J’aime retrouver de l’éclectisme, en cela "le grotesque combinatoire" pourrait se retrouver dans mon travail qui puise dans une variété de sources d'inspiration, art ou littérature. La lecture d’auteurs tel Franz Kafka dont j’ai retranscrit le premier chapitre de la Métamorphose en "écriture cellulaire", et dont l’histoire aborde des thèmes de transformation, d'aliénation, d'identité, résonne profondément avec ma pratique artistique. Les poésies d’Henri Michaux dont Le Grand Combat est l’objet d’une lithographie et qui explore des thèmes de lutte intérieure, de chaos contrôlé, et de formes libres et vivantes, reflète bien les concepts que vous mentionnez de prolifération et de rigueur dans mon travail.
Il existe également unenarration visuelle, combinaisons d’éléments pas seulement esthétiques, mais aussi narratifs. En utilisant la forme du cercle dessiné pour représenter un paysage imaginaire, le signe plastique parle de lui-même, courbe finie ou infinie, espace intérieur clos par une ligne, le cercle impose un rythme. Tel un Sisyphe, qu’Albert Camus "imagine heureux" d’accomplir chaque jour la même tâche, a priori insignifiante et qui à force de l’accomplir en perçoit de mieux en mieux le sens. Ce qui semblait absurde devient fondamental. La répétition du signe pousse par ailleurs à évoquer la notion de l'espace-temps. Lenteur du processus, renouvellement du signe envahissant l’espace. Mes œuvres racontent des histoires, évoquent des mythes ou explorent des idées (une écriture qui pourrait s’apparenter à une synesthésie d’un grommelot issu de la Comedia del Arte).
La manière dont j'aborde la création artistique encapsule l'idée de combiner des éléments variés pour créer des formes nouvelles et imaginatives. Cette approche permet d'explorer des thèmes de transformation, de mutation et de dualité. Effectivement dans cet axe-là, mon atelier pourrait s’apparenter à une grotte, sorte de laboratoire dont les parois reflètent mes recherches, et dont les créations sortent aléatoirement.

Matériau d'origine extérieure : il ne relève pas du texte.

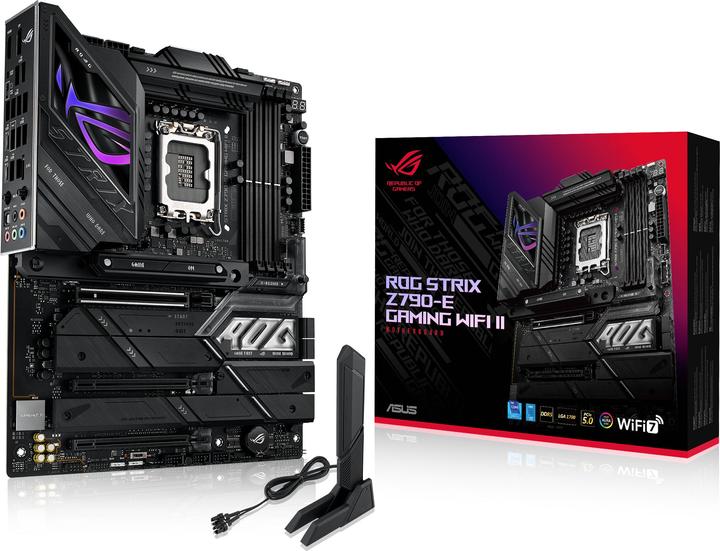 Actual product image ASUS ROG STRIX Z790-E GAMING WIFI II (LGA 1700, Intel Z790, ATX)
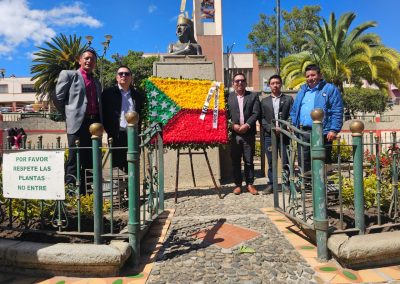 Seción solemne en honor a los 161 años de cantonización  Sígsig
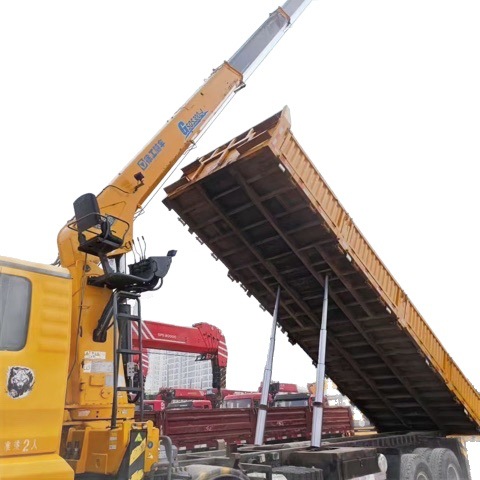 Cross-Border Export of Delong's New M3000 Rear Eight-Wheel Sany 12-Ton Truck Crane Can Be Equipped with 14-Ton and 16-Ton Cranes for Lifting
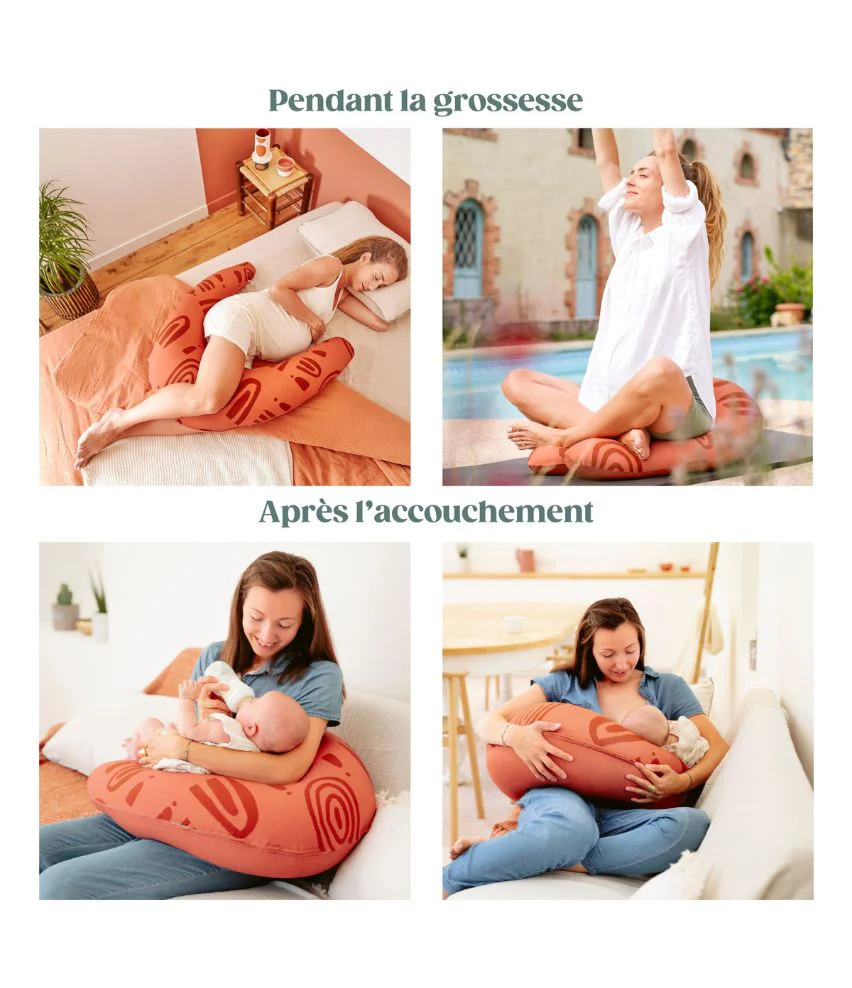 Coussin de grossesse & d'allaitement B.Love Imparfait - Image 5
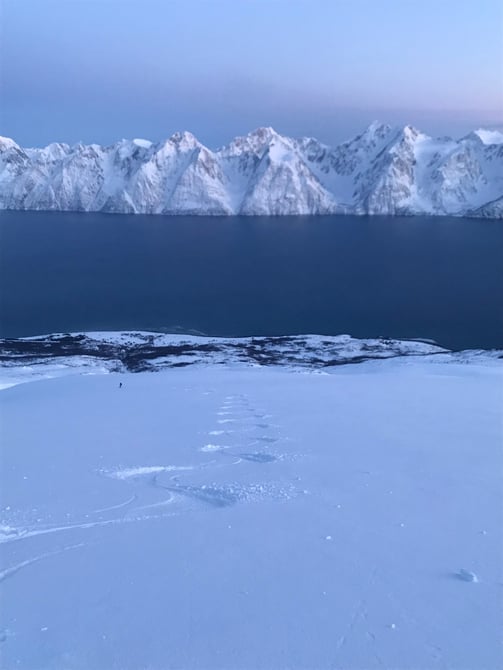 skier lyngen alps Norway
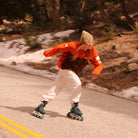 Skating downhill on the K2 Alexis 84 BOA inline skates.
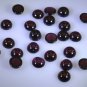Garnet loose Stone 1 Pieces 7 x 7 mm Round Red cabochon Gemstone
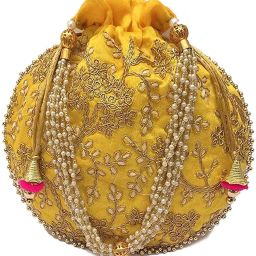 Women Yellow Potli-image-18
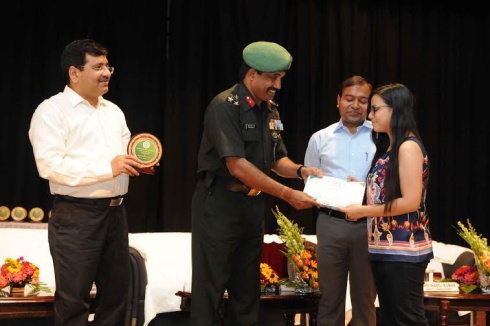 12th CBSE Board topper gets certificate from Brigadier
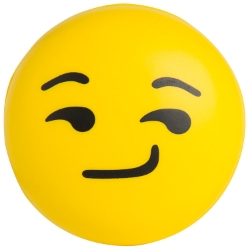 Smirk Emoji Squeezies Stress Reliever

EY — En évoquant ensemble dans cet échange les figures grotesques et les marginalia gothiques4 dans un voisinage avec votre propre travail, vous évoquiez des notions propres au répertoire du motif ornemental (le rythme sériel en moins). Accordez-vous un statut décoratif à vos réalisations ?

Nathalie BOROWSKI — Je perçois plutôt le rythme sériel comme une exploration de motifs qui introduisent des formes de rupture, d’asymétrie, de décalage alors que la notion de décoration serait pour moi quelque chose de beaucoup plus contrôlé. Les motifs peuvent adopter un rôle ornemental par leur répétition, mais cette même répétition de la forme ronde, comme je le soulignais précédemment, n’est que le reflet d’un signe infini, une ligne sans fin dans laquelle j’inclus des éléments, la série elle-même devient le sujet et m’offre une exploration systématique des possibilités offertes par une forme ou une idée.

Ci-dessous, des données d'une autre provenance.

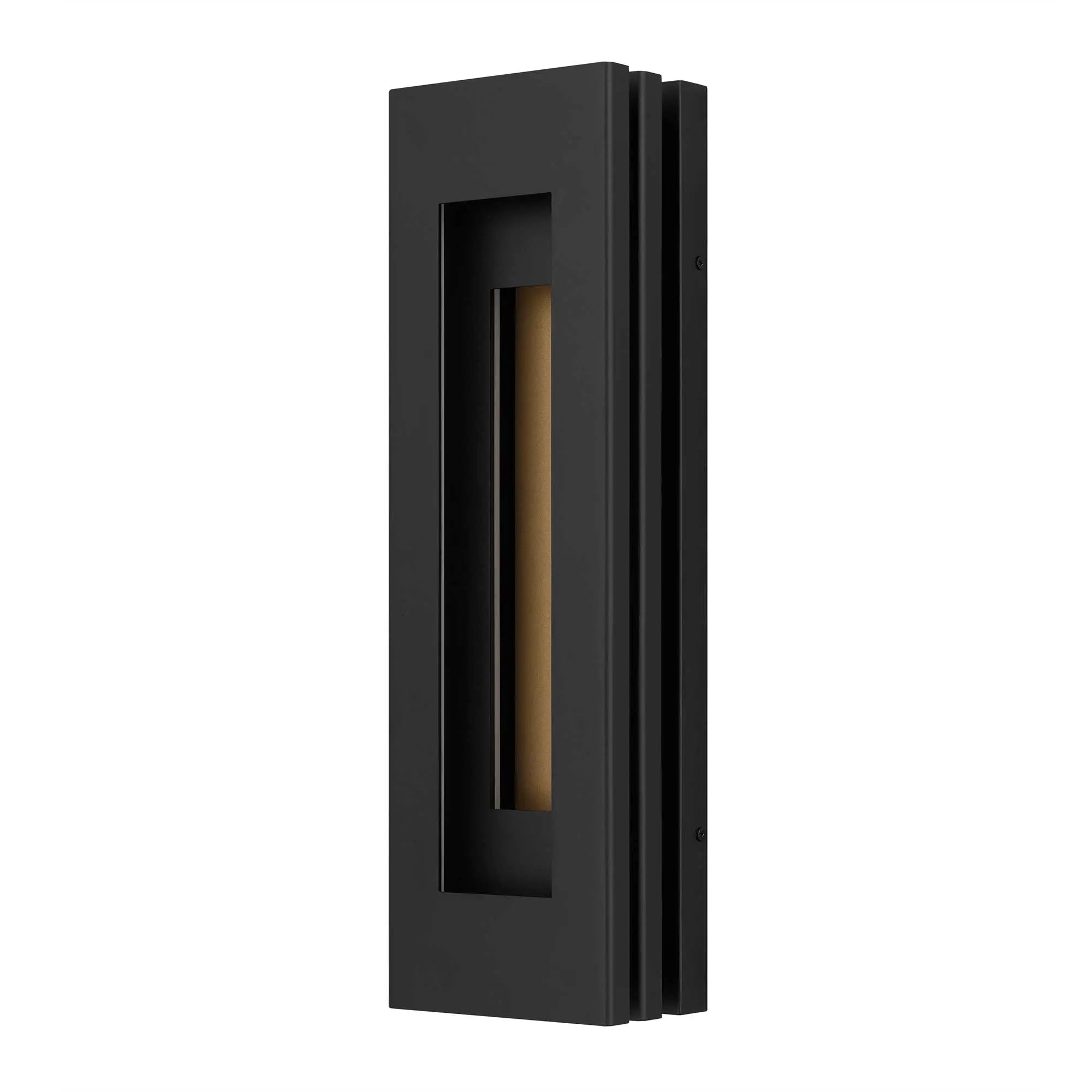 Alteck Layer 22-Inch Black 3-CCT LED Outdoor Wall Light - AW0080-3CCT-W-BK - Product Image 2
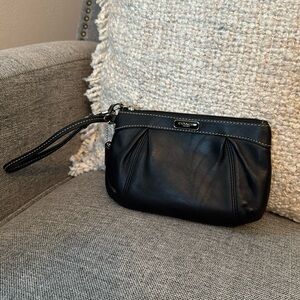 Coach Leather Wristlet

En utilisant différents matériaux j’essaie de développer un langage visuel et j’utilise la série comme un moyen de créer un dialogue entre les œuvres, où chaque pièce peut être vue comme une variation ou une réponse aux autres (dessins versus découpes). Plutôt que de reproduire simplement un motif, je cherche à voir comment il peut évoluer, se transformer, voire se déconstruire au fil de la série. Mon travail se différencie d’un statut décoratif qu’on pourrait lui attribuer car ma recherche ne part pas de l’idée de créer un objet "fonctionnel" et de l’esthétiser. Mes réalisations cherchent à questionner, voire à déstabiliser, à introduire une réflexion qui dépasse le simple ornement. Au-delà de la décoration, cela devient une réflexion sur le motif lui-même, son inscription dans le champ de ma recherche.

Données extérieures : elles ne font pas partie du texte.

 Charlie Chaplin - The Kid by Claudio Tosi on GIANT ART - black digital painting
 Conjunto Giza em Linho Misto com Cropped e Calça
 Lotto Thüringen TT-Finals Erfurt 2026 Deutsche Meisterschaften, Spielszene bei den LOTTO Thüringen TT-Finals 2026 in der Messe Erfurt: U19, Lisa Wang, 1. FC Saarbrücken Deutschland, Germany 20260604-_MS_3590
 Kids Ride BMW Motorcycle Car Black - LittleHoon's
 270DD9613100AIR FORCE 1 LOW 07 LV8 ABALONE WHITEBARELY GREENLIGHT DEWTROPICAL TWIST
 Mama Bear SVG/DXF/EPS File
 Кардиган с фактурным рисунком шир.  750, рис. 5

EY — Ces notions de variations et de séries, au sens des mutations et des hybridations de formes originelles, m'amène à envisager votre travail comme une déclinaison sur le monstre ; vos œuvres sont-elles des créatures mutantes dont, au contraire de Victor Frankenstein, vous assumeriez les conséquences5 ?

Nathalie BOROWSKI — L’idée de mutation et d'hybridation est effectivement centrale dans ma démarche artistique. Par mon approche de l’univers cellulaire sous forme d’allégories, j'explore les frontières entre le familier et l'étrange, le naturel et l'artificiel, en créant des formes qui semblent issues d'un monde où les règles de l'évolution auraient pris un chemin différent. Au-delà de la représentation formelle de cellules ou d’activités cellulaires, mes dessins questionnent les notions de normalité et de différence et interroge notre identité. Est-ce-à dire que ce qui est différent ou étrange relèverait d’une sorte de "phénomène" au sens "d’anomalie" ?
Le terme de monstre implique souvent une déviation inquiétante de la norme, ce qui ne reflète pas mon intention artistique, ma démarche se situerait plutôt dans une exploration des limites et des potentialités de la forme, une manière de repenser le monstre non pas comme une aberration, mais comme une expression naturelle de la diversité et de la complexité du vivant et de l'inanimé. En intégrant ces mutations, je cherche à accepter les imperfections et les anomalies comme une part intégrale du processus artistique.
Mes œuvres ne sont donc pas des entités à rejeter ou à craindre, mais des invitations à réfléchir sur ce qui se produit lorsqu'on dépasse les frontières traditionnelles de la forme et de la fonction.  J’essaie d’ouvrir un dialogue sur l'acceptation de l'inconnu et sur la capacité de l'art à transcender. J’aime déstabiliser et dans ce sens, vous avez raison, contrairement à Victor Frankenstein, qui renie sa création, je vois dans ces dessins l'opportunité d'interroger notre rapport à l'altérité, à la différence. Ils sont les témoins de ce que pourrait être un futur où les identités, les formes et les structures ne sont plus fixes, mais en perpétuelle transformation.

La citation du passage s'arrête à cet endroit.